Quel est le plafond d’exonération pour une chambre d’hôtes ?

L’exonération s’applique tant que vos recettes annuelles ne dépassent pas 760 € toutes taxes comprises.

Au-delà, vos recettes seront imposées dans la catégorie des BIC, soit au régime micro-BIC, soit au régime réel simplifié.

Les chambres d’hôtes sont-elles imposables ?

Oui, les revenus tirés de la location de chambres d’hôtes sont considérés comme des bénéfices industriels et commerciaux (BIC).

Le principe veut qu’ils soient imposables. En revanche, vous pouvez être exonéré d’impôt si vous remplissez les 3 conditions suivantes : le logement loué fait partie de votre résidence principale, le locataire n’y élit pas domicile et le montant total de vos recettes annuelles ne dépasse pas 760 €.

Que se passe-t-il si je dépasse 760 € ?

Si vos recettes dépassent 760 €, l’exonération ne s’applique plus et vos recettes deviennent imposables.

Ne pas déclarer cette somme peut entraîner un redressement fiscal, avec le paiement des impôts dus et éventuellement des pénalités.

Peut-on cumuler chambre d’hôtes et location étudiante ?
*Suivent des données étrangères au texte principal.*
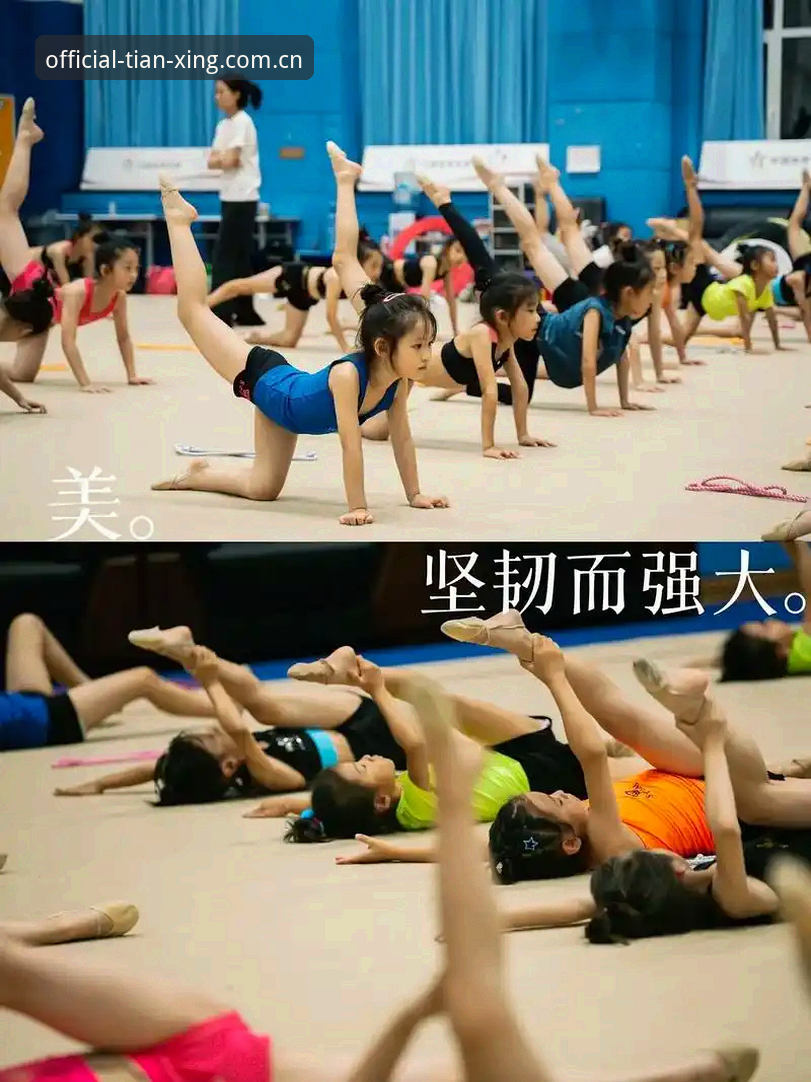 天行体育平台深度评测：下载链接、安全性与实际体验全解析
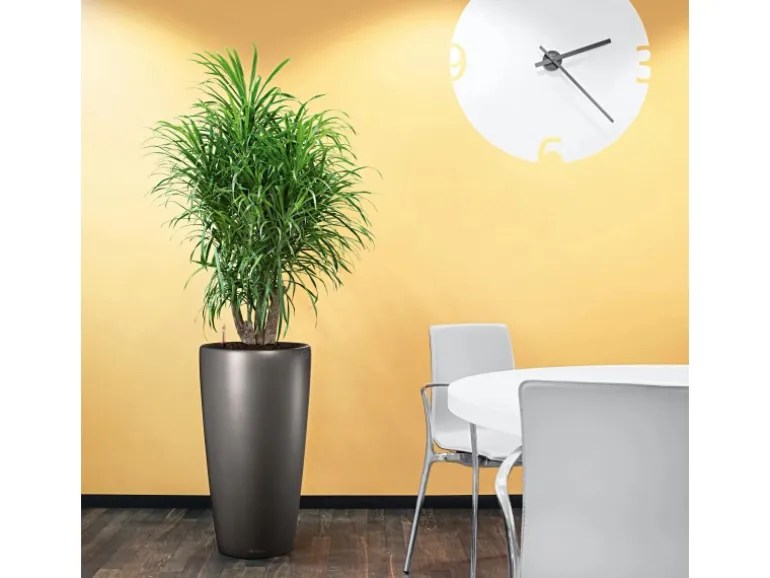 Lechuza® Pflanzgefäß Rondo Premium Ø 32 cm x 56 cm Anthrazit metallic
Oui, vous pouvez cumuler l’exonération pour vos chambres d’hôtes avec celle applicable à la location d’une partie de votre résidence principale à un loyer raisonnable, dans le respect des plafonds fixés par l’administration (en €/m²/an).

Quelle est la différence entre chambre d’hôtes et meublé de tourisme ?

Les chambres d’hôtes exigent la présence du propriétaire, l’accueil personnalisé et le petit-déjeuner. Les recettes tirées de cette activité peuvent être exonérées d’impôt sous conditions.

Les meublés de tourisme, en revanche, ne nécessitent pas la présence du propriétaire et ne comprennent pas obligatoirement de prestations para‑hôtelières.

Les loyers perçus sont imposables dès le premier euro et ne peuvent pas bénéficier du plafond de 760 €.

Faut-il déclarer les revenus même en dessous de 760 € ?

Non. Lorsque les recettes issues de la location de chambres d’hôtes ne dépassent pas 760 € par an, elles sont exonérées d’impôt et n’ont pas à être mentionnées dans la déclaration de revenus. Au-delà de ce seuil, l’ensemble des recettes devient imposable dans la catégorie des BIC.

Le régime micro-BIC s’applique-t-il aux chambres d’hôtes ?

Oui, si vos recettes dépassent le seuil d’exonération mais restent inférieures à 83 600 €, le régime micro-BIC s’applique automatiquement, avec un abattement de 50 % au titre de vos charges. Vous pouvez également opter pour le régime réel si vos charges sont élevées, afin de les déduire pour leur montant exact.